Nothing seems unusual in setup. Just hit this by accident. I am checking that 
if there is any chance failing to delete the netdev.

> -----Original Message-----
> From: Ben Pfaff [mailto:blp at ovn.org]
> Sent: Friday, May 12, 2017 10:50 AM
> To: fukaige
> Cc: ovs-discuss at openvswitch.org; joe at ovn.org
> Subject: Re: Failed to add ovs bridge
> 
> Are you aware of anything unusual in your setup?  We have not had any
> similar reports.
> 
> On Fri, May 12, 2017 at 01:34:46AM +0000, fukaige wrote:
> > I am not using STP/RSTP.I saw the bug fix you mentioned, seems it is
> irrelevant to my problem.
> > May be there is some race condition lead to deleting netdev in
> > netdev_shash. But, I cannot figure it out right now.
> >
> > The occurrence probability is very low. I just hit this for three times in two
> month.
> >
> > > -----Original Message-----
> > > From: Ben Pfaff [mailto:blp at ovn.org]

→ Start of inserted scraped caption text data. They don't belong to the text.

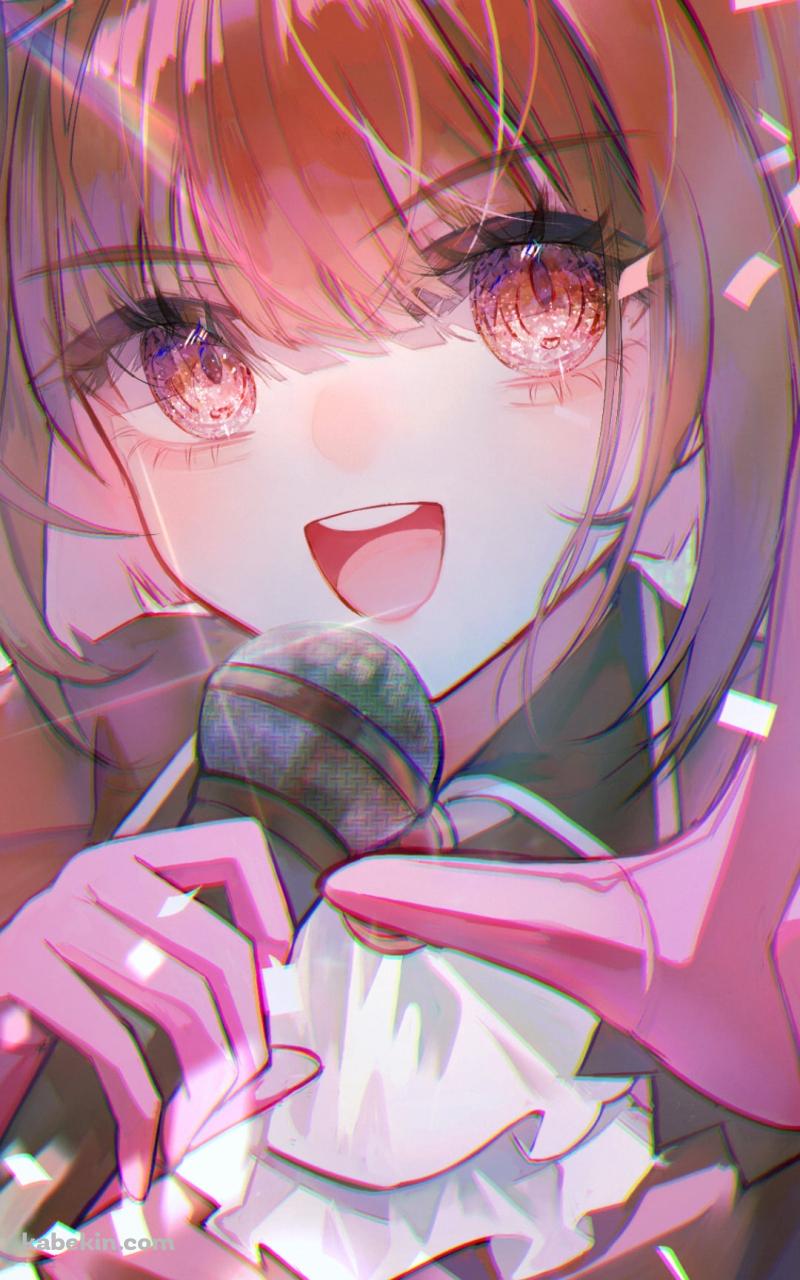大きなマイクを持って指をさす笑顔の有馬かな / 推しの子のAndroidの壁紙(800px x 1280px) スマホ用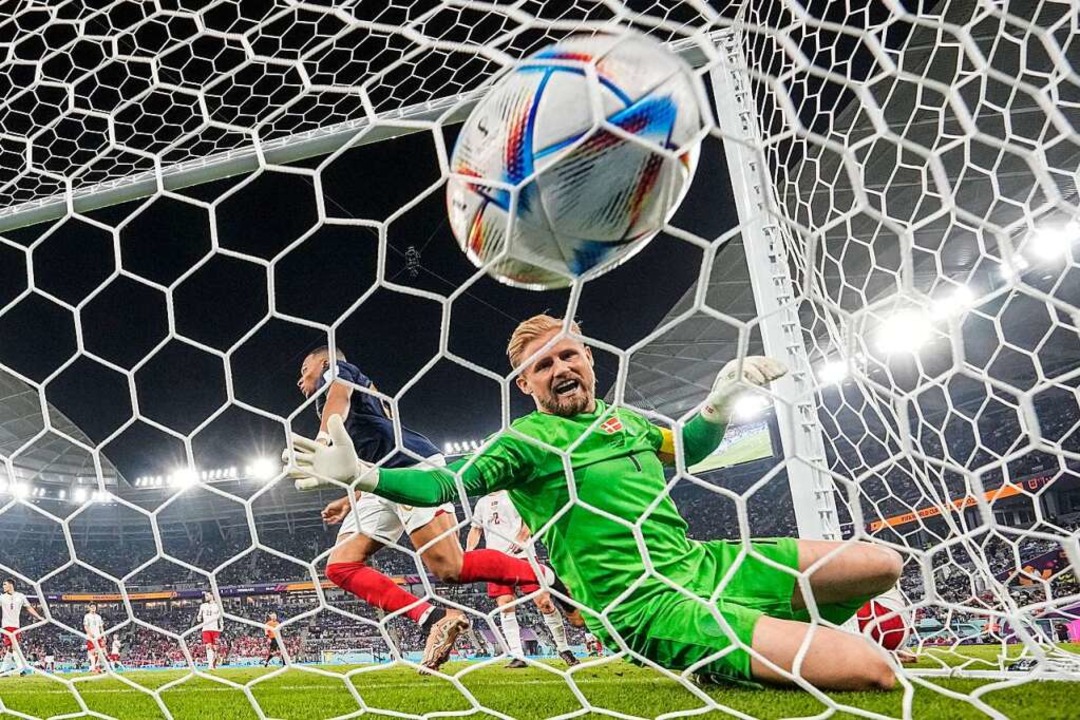 Frankreichs Mbappé dreht nach seinem T...r Schmeichel dem Ball hinterherschaut.  | Foto: Martin Meissner (dpa)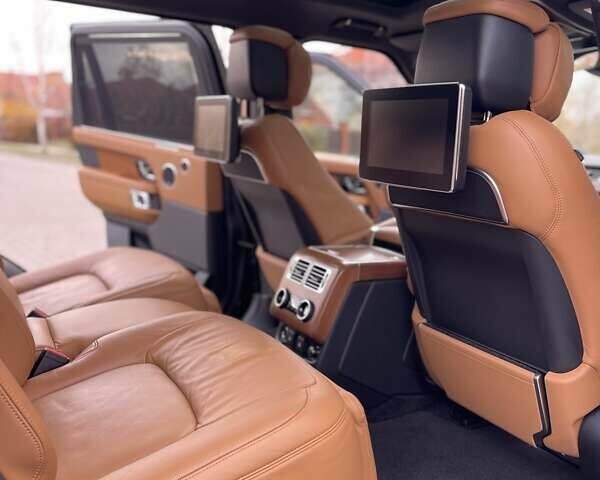 Чорний Ленд Ровер Рендж Ровер, об'ємом двигуна 5 л та пробігом 145 тис. км за 68900 $, фото 25 на Automoto.ua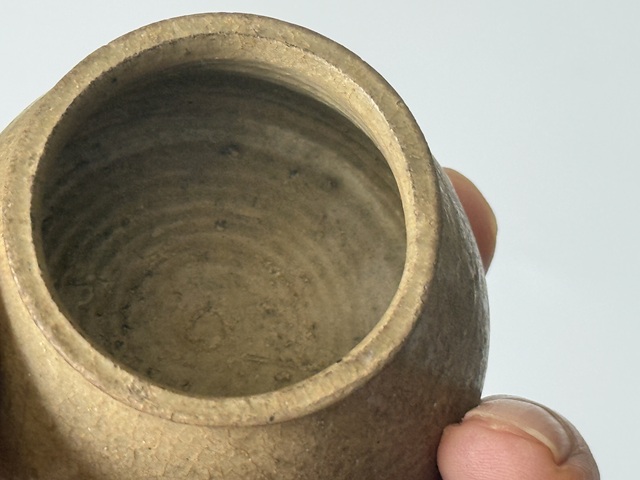 古玩陶瓷戰國原始青瓷折沿盂真品鑒賞圖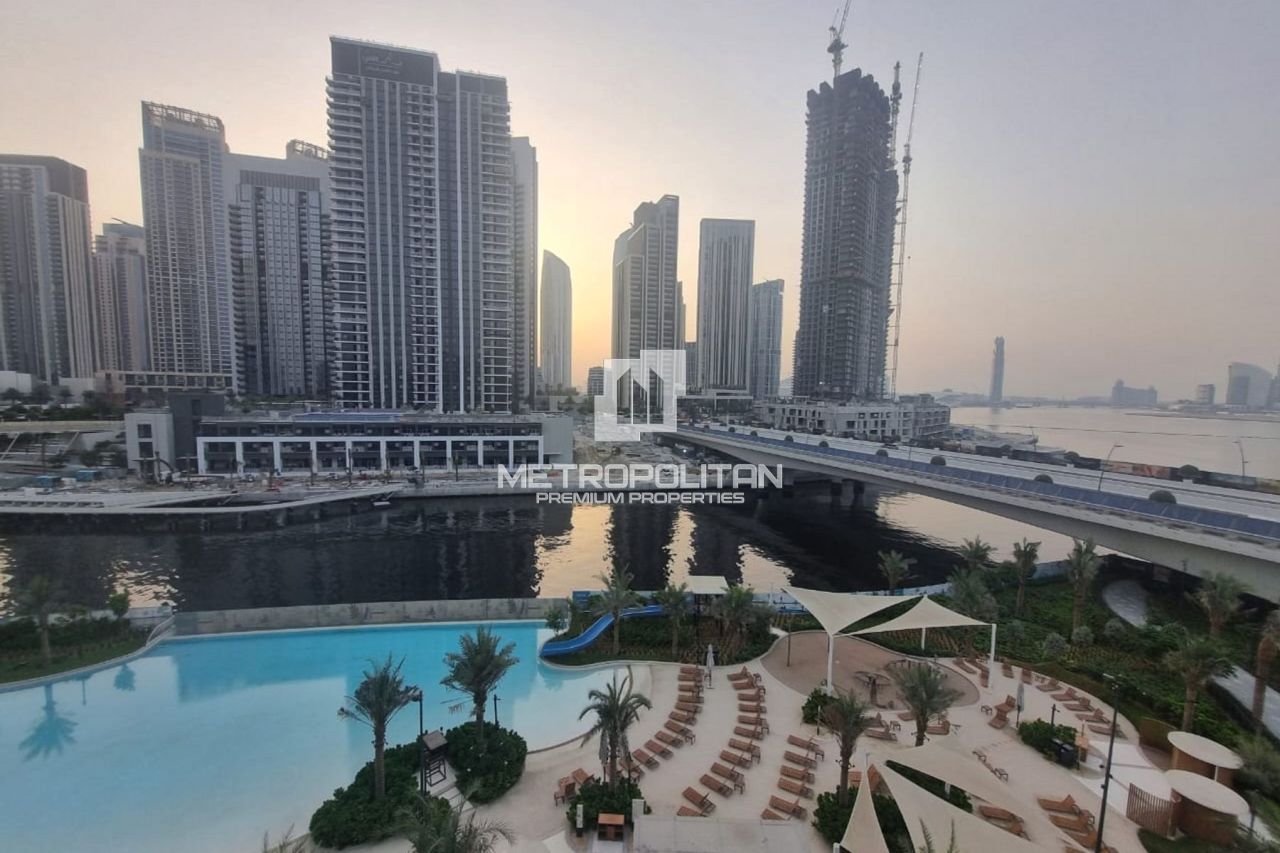 Apartment in Dubai, UAE, 98 m² - picture 1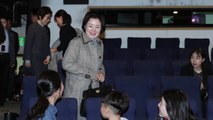 김정숙 여사, 영화 '칠곡 가시나들' 관람 / YTN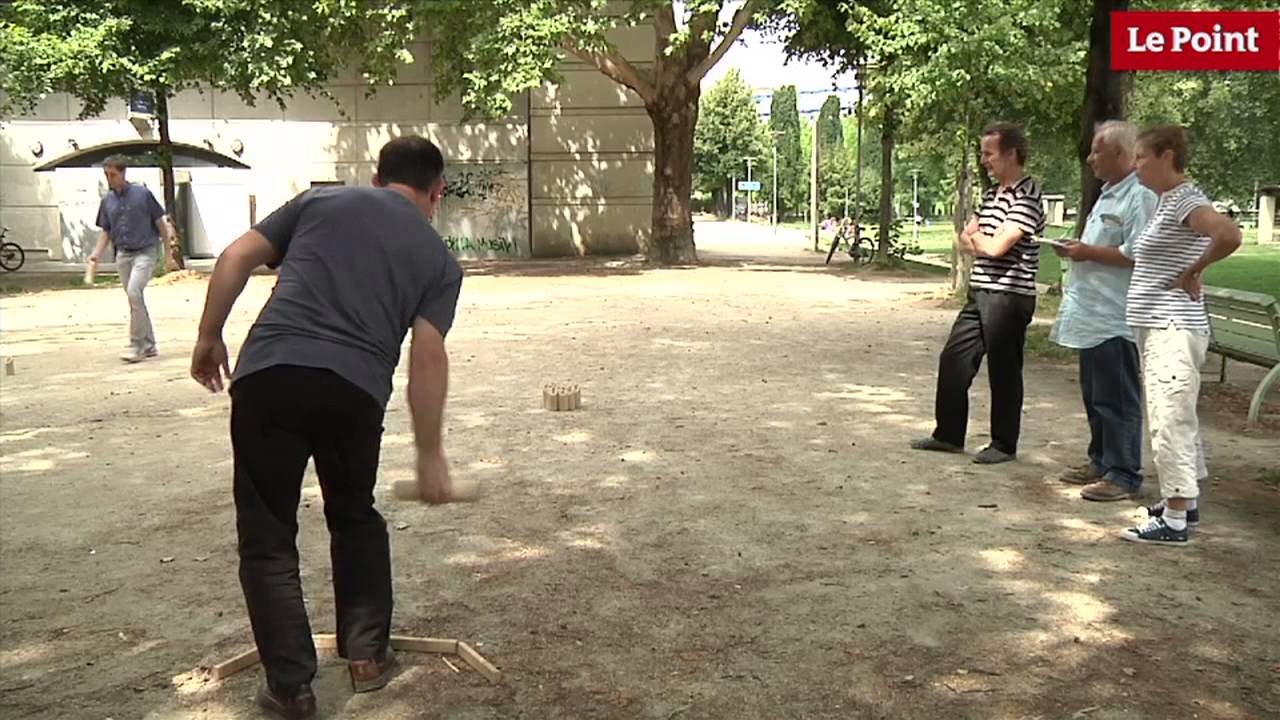 Le Mölkky, un jeu de quilles finlandais qui séduit les Français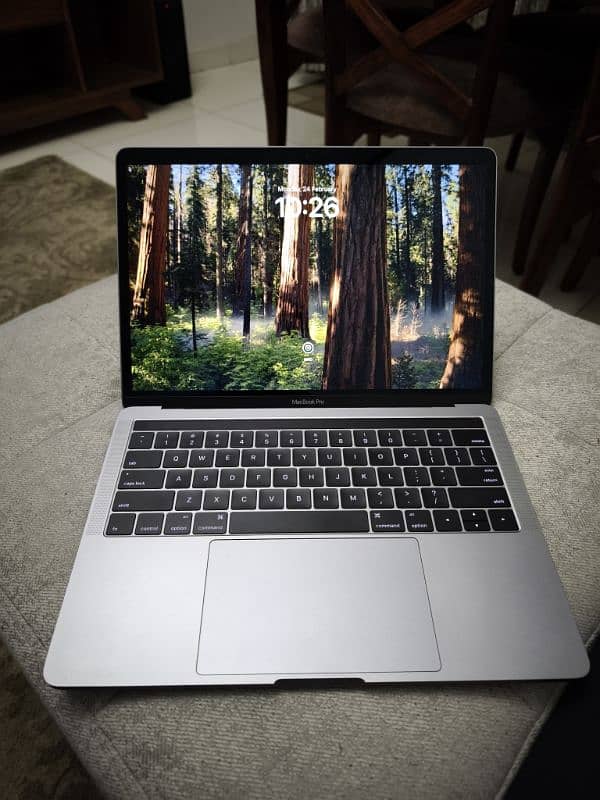 Apple MacBook Pro 4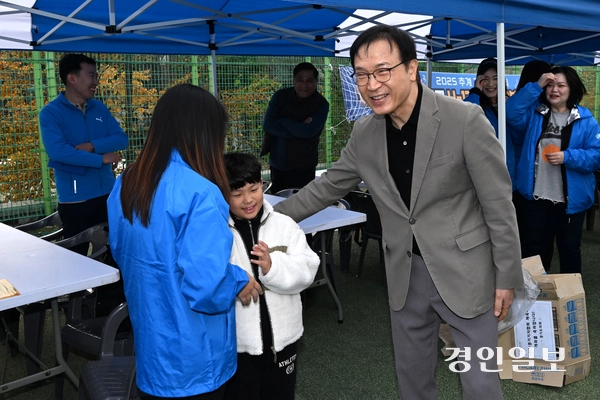 8일 수원시 영통구 매탄공원 축구장에서 2025년 인천경기기자협회 체육대회가 진행되고 있다. 2025.11.8 /최은성기자 ces7198@kyeongin.com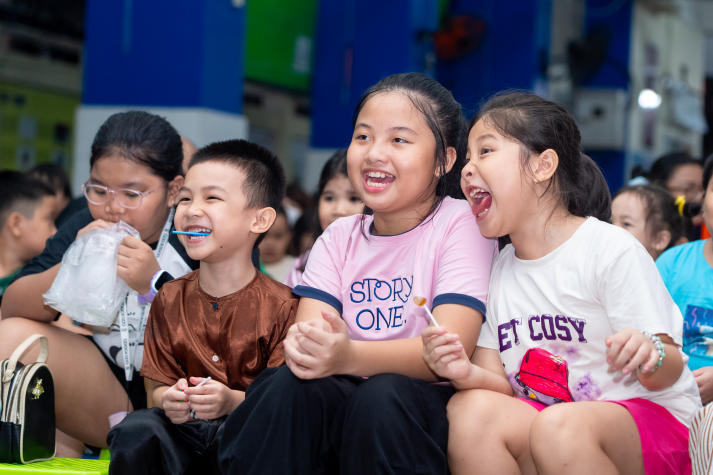 Sinh viên Khoa Thẩm mỹ và Khoa học sự sống tự tay đem “vầng trăng yêu thương” đến thiếu nhi phường Xóm Chiếu 46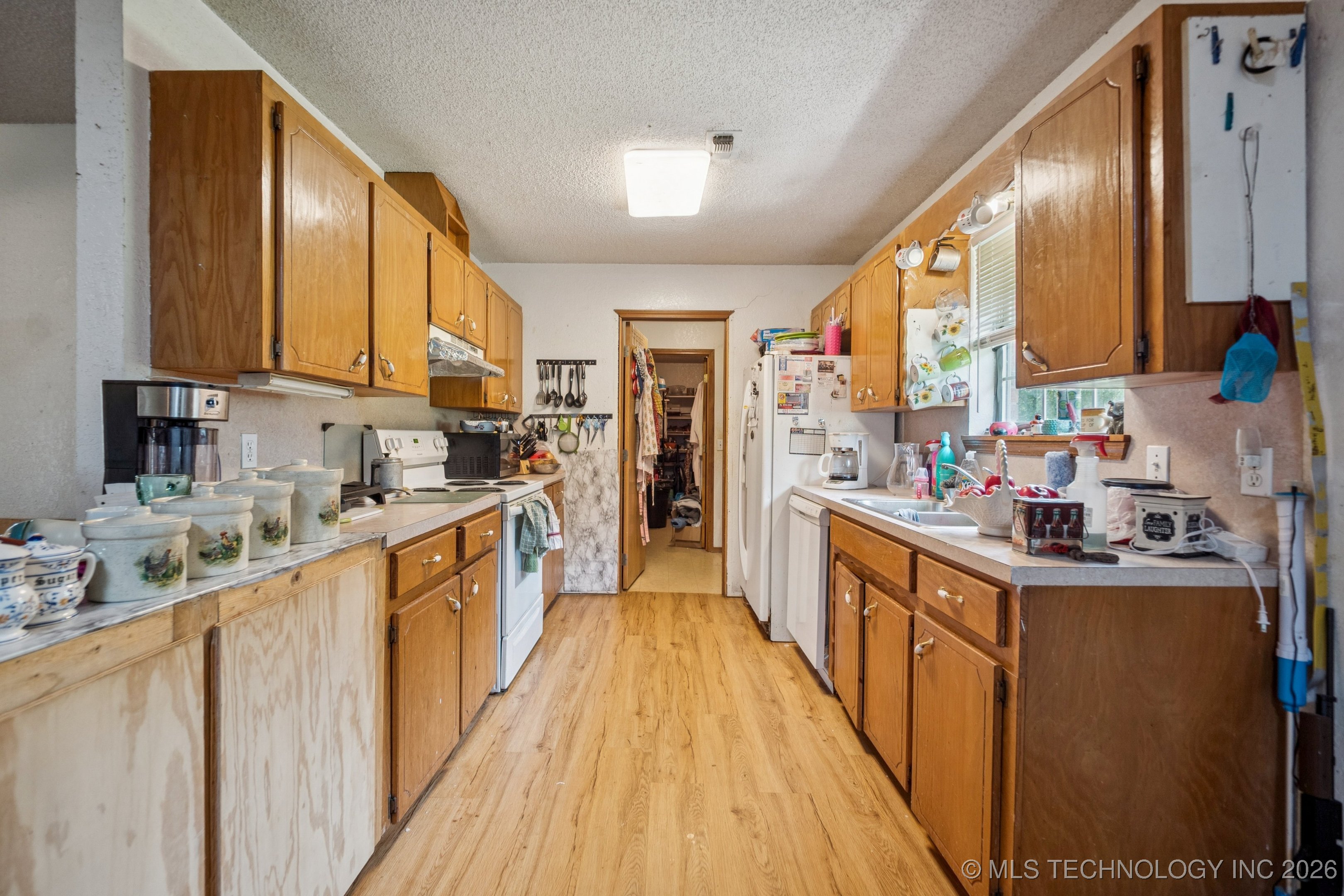 770 Nw Seneca Property Photo 7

> > > Sent: Thursday, May 11, 2017 9:32 PM
> > > To: fukaige
> > > Cc: ovs-discuss at openvswitch.org; joe at ovn.org
> > > Subject: Re: Failed to add ovs bridge
> > >
> > > Are you using STP or RSTP?  There's a bug fix related to them on
> branch-2.5.
> > >
> > > On Thu, May 11, 2017 at 11:11:02AM +0000, fukaige wrote:
> > > > Hi all,
> > > >
> > > > Occasionally, I get error when creating a bridge using “ovs-vsctl
> > > > add-br
> > > br-eth”
> > > >
> > > >
> > > > ovs-vsctl: Error detected while setting up 'br-eth'.  See
> > > > ovs-vswitchd log for
> > > details.
> > > >
> > > >
> > > > Ovs-vswitched log is below:
> > > >
> > > >
> 2017-05-11T03:45:25.293Z|00026|ofproto_dpif|INFO|system at ovs-system:
> > > > Datapath supports recirculation
> > > >
> 2017-05-11T03:45:25.293Z|00027|ofproto_dpif|INFO|system at ovs-system:
> > > > MPLS label stack length probed as 1
> > > >
> 2017-05-11T03:45:25.293Z|00028|ofproto_dpif|INFO|system at ovs-system:
> > > > Datapath supports unique flow ids
> > > >
> 2017-05-11T03:45:25.293Z|00029|ofproto_dpif|INFO|system at ovs-system:
> > > > Datapath supports ct_state
> > > >
> 2017-05-11T03:45:25.293Z|00030|ofproto_dpif|INFO|system at ovs-system:
> > > > Datapath supports ct_zone
> > > >
> 2017-05-11T03:45:25.293Z|00031|ofproto_dpif|INFO|system at ovs-system:
> > > > Datapath supports ct_mark
> > > >
> 2017-05-11T03:45:25.293Z|00032|ofproto_dpif|INFO|system at ovs-system:
> > > > Datapath supports ct_label
> > > > 2017-05-11T03:45:25.364Z|00001|ofproto_dpif_upcall(handler226)|INF
> > > > O|re ceived packet on unassociated datapath port 0
> > > > 2017-05-11T03:45:25.368Z|00033|netdev_linux|WARN|ethtool
> command
> > > > ETHTOOL_GFLAGS on network device br-eth failed: No such device
> > > > 2017-05-11T03:45:25.368Z|00034|dpif|WARN|system at ovs-system:
> failed
> > > to
> > > > add br-eth as port: No such device
> > > > 2017-05-11T03:45:25.368Z|00035|bridge|INFO|bridge br-eth: using
> > > > datapath ID 00002a51cf9f2841
> > > > 2017-05-11T03:45:25.368Z|00036|connmgr|INFO|br-eth: added service
> > > controller "punix:/var/run/openvswitch/br-eth.mgmt"
> > > >
> > > > Then I delete the br-eth, then try to add it. But, still get same error as
> above.
> > > However, bridge which name is different from br-eth can be created
> > > successfully.
> > > >
> > > > Some clues:
> > > >
> > > > 1.       As I kown, the port br-eth’s type is internel, and there is no
> way to
> > > get into netdev_linux_ethtool_set_flag(). But, the log shows that
> > > request.type is wrong.
> > > > request.type get wrong value OVS_VPORT_TYPE_NETDEV instead of
> > > OVS_VPORT_TYPE_INTERNAL.
> > > >
> > > > static int
> > > > dpif_netlink_port_add__(struct dpif_netlink *dpif, struct netdev *netdev,
> > > >                         odp_port_t *port_nop)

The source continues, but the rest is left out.